◆ **What needs to be done**: Find the lines of data that contain the string "Supermoon", then list them.
--- Supplied information ---
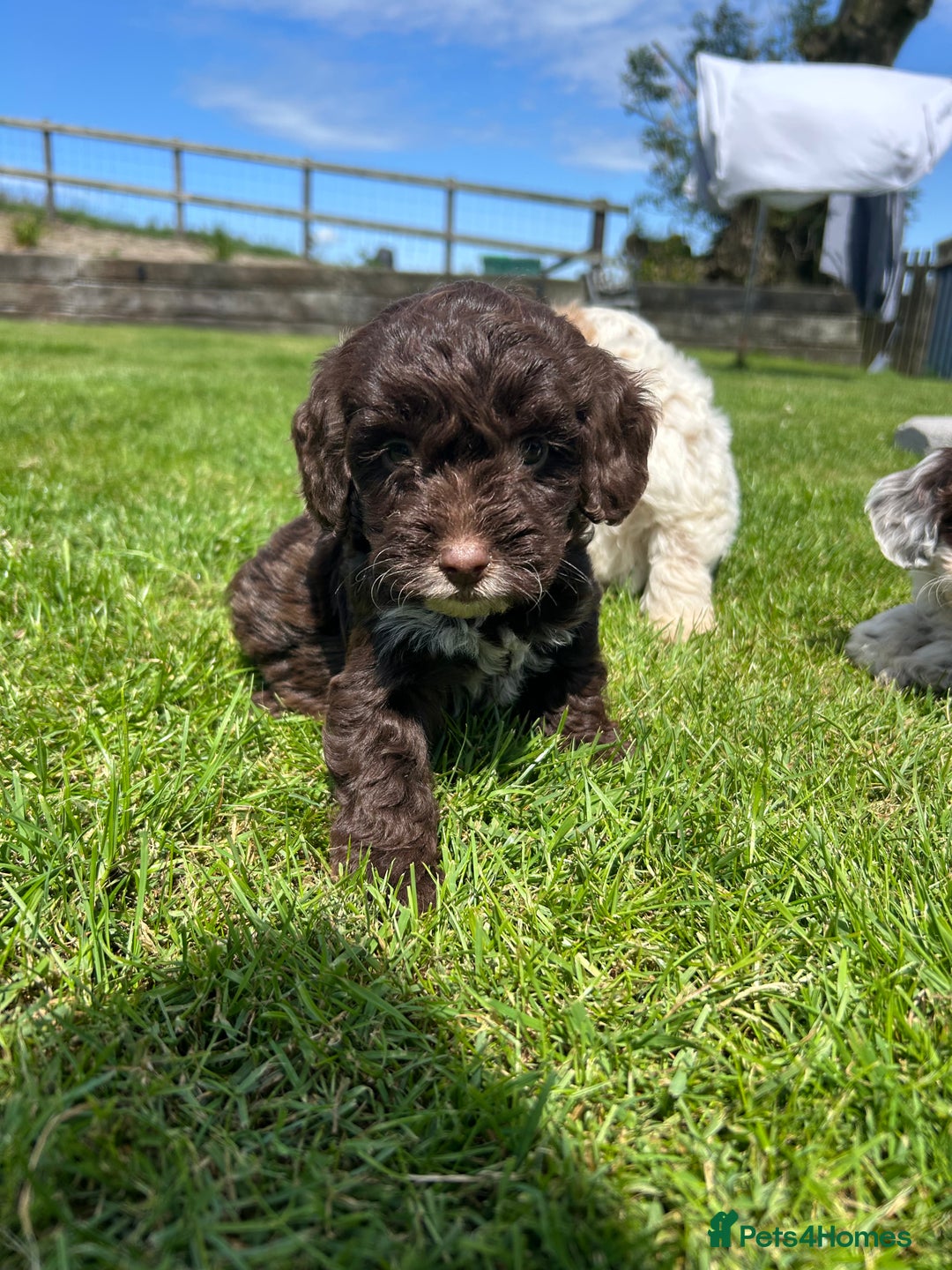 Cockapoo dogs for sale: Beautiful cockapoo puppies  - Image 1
---
--- Supplied information ---
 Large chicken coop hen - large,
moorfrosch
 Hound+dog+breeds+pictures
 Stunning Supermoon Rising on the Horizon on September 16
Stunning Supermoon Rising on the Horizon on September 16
---
◆ **Expected answer**:
 Stunning Supermoon Rising on the Horizon on September 16
Stunning Supermoon Rising on the Horizon on September 16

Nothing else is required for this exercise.